Some medieval technical manuals, such as the De Diversibus Artibus (On the different arts) written around 1120 by the monk Theophilus, who himself must have been well-trained in the craft of metalworking, give detailed accounts on the tools and equipment used for the goldsmiths’ work. In the third chapter of the manual, Theophilus gives detailed instructions on metalworking techniques. He explains how the workshop itself should be set up, then describes a variety of anvils used for different purposes, various sorts of hammers, rasps and files, chisels, pincers, chasing tools, scorpers, drawplates for making wire, and a special device called organarium for making beaded wire. Theophilus also explains how gold, silver, precious stones, and special decorative substances such as niello should be worked. Although this description dates from the twelfth century, most of the described techniques must have been still employed in the late Middle Ages. Unfortunately, no similar descriptions survive from later periods.
Archaeological evidence provides further information on medieval working procedures. Sites with traces of the process of parting base metal from precious or gold from silver are sometimes found during excavations. Working tools and equipment, for example, hammers, moulds, crucibles, or the special vessel for separating gold from silver have also come to light. The workshops themselves rarely leave traces, as they were usually found within houses.
Close examination of the surviving pieces, along with physical examination such as analysis of content, adds to our understanding of working techniques. Because of their small size, jewels were usually cast into shape with the cire perdue or lost wax technique. In this process, the shape of the future jewel was formed in wax, with wax channels added, then covered with kneaded clay. When the whole was fired, the clay hardened, and the wax ran out through the channels. The melted gold or silver was poured into the form through some channels, while other channels allowed the air to leave. In the end, the clay mould was broken and the joints were filed away. For multiple production, reusable, open moulds or piece moulds (consisting of several pieces) of metal were employed. Besides the lost wax technique, some pieces were worked into a three-dimensional shape by beating from the back (repoussé technique). For the preparation of applied decoration, such as brooches or dress fittings sewn unto clothing, often metal dies of copper alloy were used. A metal sheet was laid over the relief motifs of the die, and covered with a piece of lead. When the lead was struck with a hammer, the metal sheet in between took on the shape of the die below. Dies and moulds were often used by the same workshop for a considerable period of time.
The different parts of jewelry were often joined by riveting or soldering (this latter done either at a temperature below 250°C with a tin solder or over 700°C with a hard solder of copper alloyed with gold or silver). The surface was also often decorated with techniques such as embossing (raising the metal from the back by beating), chasing (raising the metal from the front), engraving or punched decoration of varying fineness.
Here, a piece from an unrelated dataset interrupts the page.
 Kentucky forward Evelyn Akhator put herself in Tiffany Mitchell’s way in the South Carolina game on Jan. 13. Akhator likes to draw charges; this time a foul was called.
A cheaper alternative was making the jewel out of some other kind of metal and covering it with silver or gold leaf. The process by which this was achieved is called mercury gilding. First an amalgam of mercury and gold was applied to the parts of the jewel to be gilded, then the object was heated and the mercury evaporated, leaving just the gold or silver, which was burnished at the end with a rabbit’s foot.
The silver or gold core of the jewel was often further enriched by applications made of the same material. Designs were formed from gold or silver beads, beaded wire (granulation) or twisted wire (filigree) decoration.
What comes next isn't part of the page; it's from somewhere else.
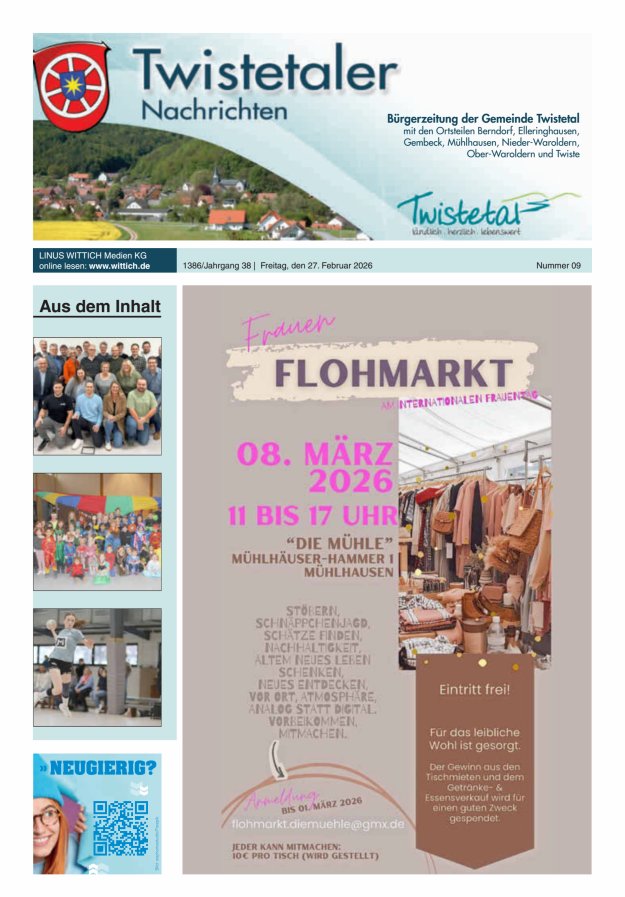 Twistetaler Nachrichten Titelblatt 09/2026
The real beauty of medieval jewels lay in the carefully designed contrast between the shining silver or gold and the decoration of the surface with niello, enamel, gems, and coloured glass paste. The addition of various coloured materials greatly enriched the surface of the jewel. Engraved designs were often filled with niello, a black paste-like mixture consisting of copper sulphide or silver sulphide, then the surface was smoothed and fired. The result was a stark contrast between the matt black niello and the shining precious metal. Coloured surfaces could be achieved by the application of either transparent of solid enamel. Enamel is coloured glass fired onto the metal base. Medieval goldsmiths used enamel in a variety of ways. Enamel cloissoné and filigree enamel consisted of multi-coloured designs, where the various colours were in small compartments separated by strips (in the case of filigree enamel, twisted wires) soldered onto the base. A peculiar type of enamel cloissoné practised in the thirteenth and fourteenth centuries is the émail de plique technique that introduced translucent cloisonné enamel on gold. In the case of a very frequently used technique, enamel champlevé, the enamel is contained in beds gouged into the metal. Basse-taille enamel was translucent, added over a design engraved into the groundplate. A special technique used from the fourteenth century was called ronde bosse or painted enamel. The enamel was applied to previously roughened surfaces in high relief or even completely in the round. The so-called Dunstable Swan Jewel, a pendant of unknown function made in London around 1400, is among the most famous examples of the use of ronde bosse enamelling (British Museum, London). The body of the gold swan is fully covered with opaque white enamel. Occasionally, the enamelled surface of a jewel was further embellished with gold leaf. An exceptionally delicate heart-shaped brooch from the so-called Fishpool find is a good example for this technique (British Museum, London). The many types of enamelling all required specialised technical abilities on the part of the craftsman. In the great centre of enamelling, Paris, there were separate artisans, esmailleurs, for enamelling only.
The working of gems and pearls also required a special technique. In
the early and high Middle Ages, gems were usually either used as gems en
cabochon, rubbed and polished until they gained a radiant, shiny, and
smooth surface. The art of stone engraving has been practised in western
art at least since the ninth century, when Metz became a centre for crystal
engraving for a short time. Some gems, like sapphires, were also decorated
with engraved design in fourteenth-century Paris. In the later Middle Ages,
gems were also cut into planes to give them a brilliant and radiating effect.
Simple patterns of diamond cutting, such as the oblong, rosette, and lozenge
shapes, developed by the fifteenth century. The cutting of stones gradually
became a separate craft done by jewellers and not the goldsmiths themselves.
In late medieval representations of goldsmiths’ workshops, the goldsmith
is shown in possession of large quantities of already cut stones, probably
acquired from the jeweller (Petrus Christus: St. Eloy in his Workshop).
Pearls, gained from fresh-water mussels, were pierced and used for necklace
strings or sewn onto textiles for decoration. When applied to jewels, they
were mounted on metal pins the end of which was sealed with a drop of gold.
Highly polished amber and jet was also used for decoration. The natural
shapes of corals and pearls were often exploited in the design of jewels,
especially from the sixteenth century onwards.